Éric Bédard congédié

MONTRÉAL - Le règne d’Éric Bédard chez patinage de vitesse Canada a été court, très court.

Celui qui était l’entraîneur-chef de l’équipe masculine en courte piste depuis août 2018 a été victime de la restructuration du personnel d’entraîneurs effectuée par Patinage de vitesse Canada (PVC), jeudi. Dans un court communiqué, PVC a expliqué que ce changement a été effectué en raison d’une restructuration au cadre du programme de haute performance sur courte piste.

La fédération nationale est actuellement à la recherche d’un entraîneur-chef pour tout le programme de courte piste.

Ce nouvel entraîneur décidera ensuite de la structure du personnel d’entraîneurs afin de compléter le présent cycle olympique, qui culminera avec les Jeux de Pékin, en 2022. Bédard, de toute évidence, ne se qualifiait pas pour le nouveau poste aux yeux des dirigeants de PVC.

«Ce fut un plaisir d’entraîner les meilleurs patineurs canadiens et de pouvoir transmettre ma passion et mes connaissances sur une base régulière aux meilleurs patineurs de notre pays, a déclaré Bédard à Radio-Canada. «On doit respecter la restructuration de Patinage de vitesse Canada et je leur souhaite bonne continuation», ajouté celui qui avait pris la relève de Derrick Campbell il y a moins d’un an.

Longue feuille de route

Avant de prendre les guides du programme canadien, Bédard avait dirigé deux équipes de patineurs aux Jeux olympiques.

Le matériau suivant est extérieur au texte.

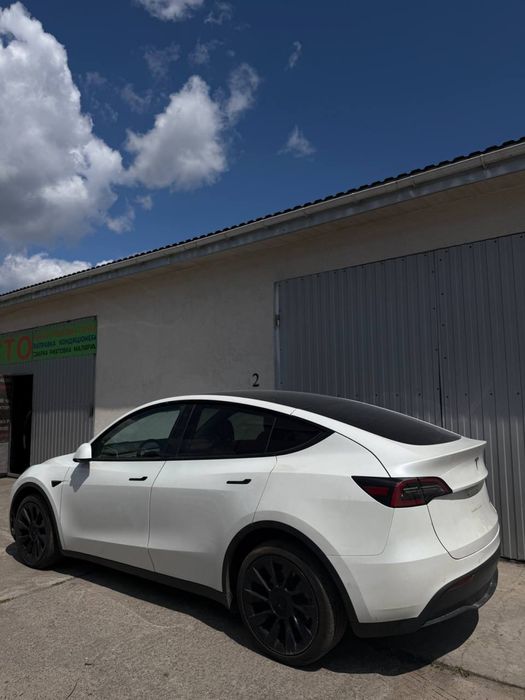 Оренда авто Tesla Model Y DM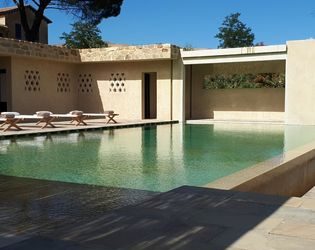 Realizzazione di piscine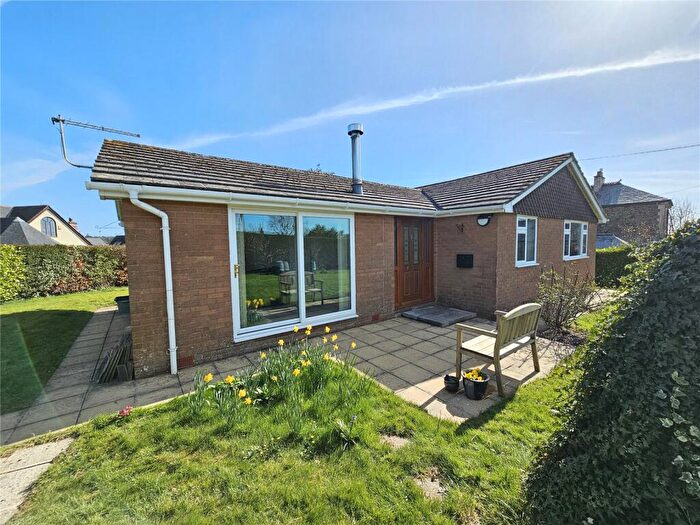 3 Bedroom Bungalow For Sale In Dolton, Winkleigh, EX19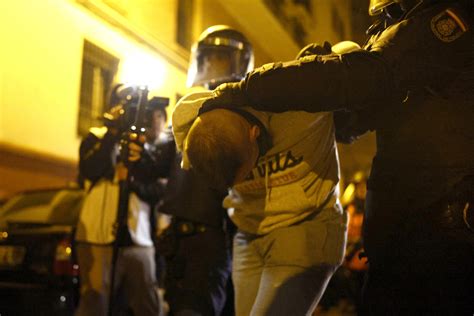 Al Menos 14 Detenidos En Una Nueva Noche De Protestas Contra La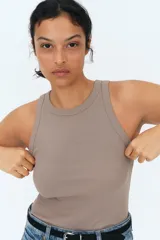 Musculosa color topo de punto de algodón acanalado, de corte entallado con cuello redondo y ribete fino en escote y sisas.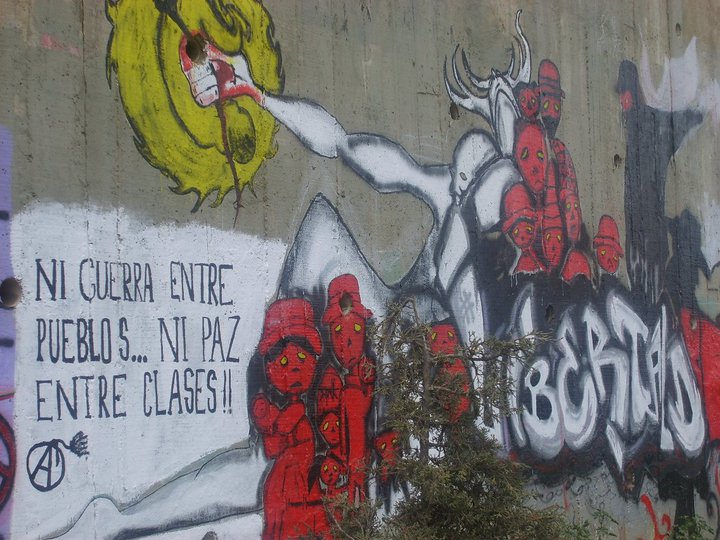 Un mural del movimiento anarco punk en El Alto aludiendo a la paz y la lucha de clases. 
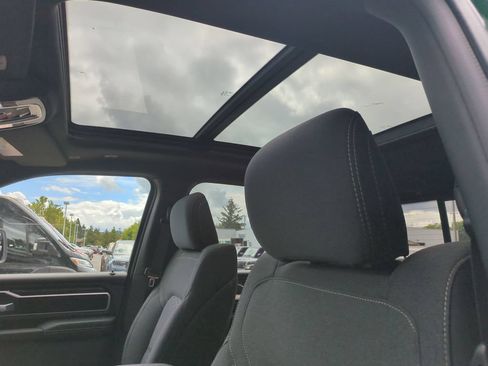 New 2026 RAM 1500 4x4 Crew Cab image 28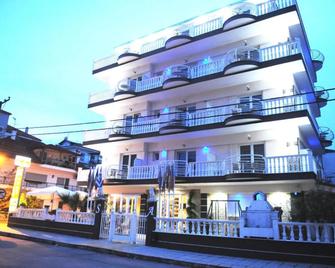 San Antonio Hotel - Paralia - Rakennus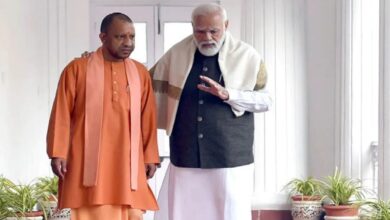 Photo of सीएम योगी के 53वें जन्मदिन पर पीएम मोदी समेत कई बड़े नेताओं ने दी बधाई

L’Orgueil de Sainte-Thècle avait d’abord guidé les patineurs allemands aux Jeux de Vancouver en 2010, puis il a aidé la formation italienne à décrocher trois médailles lors des Jeux de Sotchi en 2014.

Bédard a lui-même participé à trois Olympiques à titre d’athlète, remportant deux médailles à Nagano en 1998, une à Salt Lake City en 2002, et une dernière à Turin en 2006.

Le congédiement de Bédard survient quelques semaines à peine après la retraite surprise de l’étoile de l’équipe canadienne, Samuel Girard. Ce dernier avait expliqué sa décision par un agenda trop serré pour lui permettre de mener une vie équilibrée.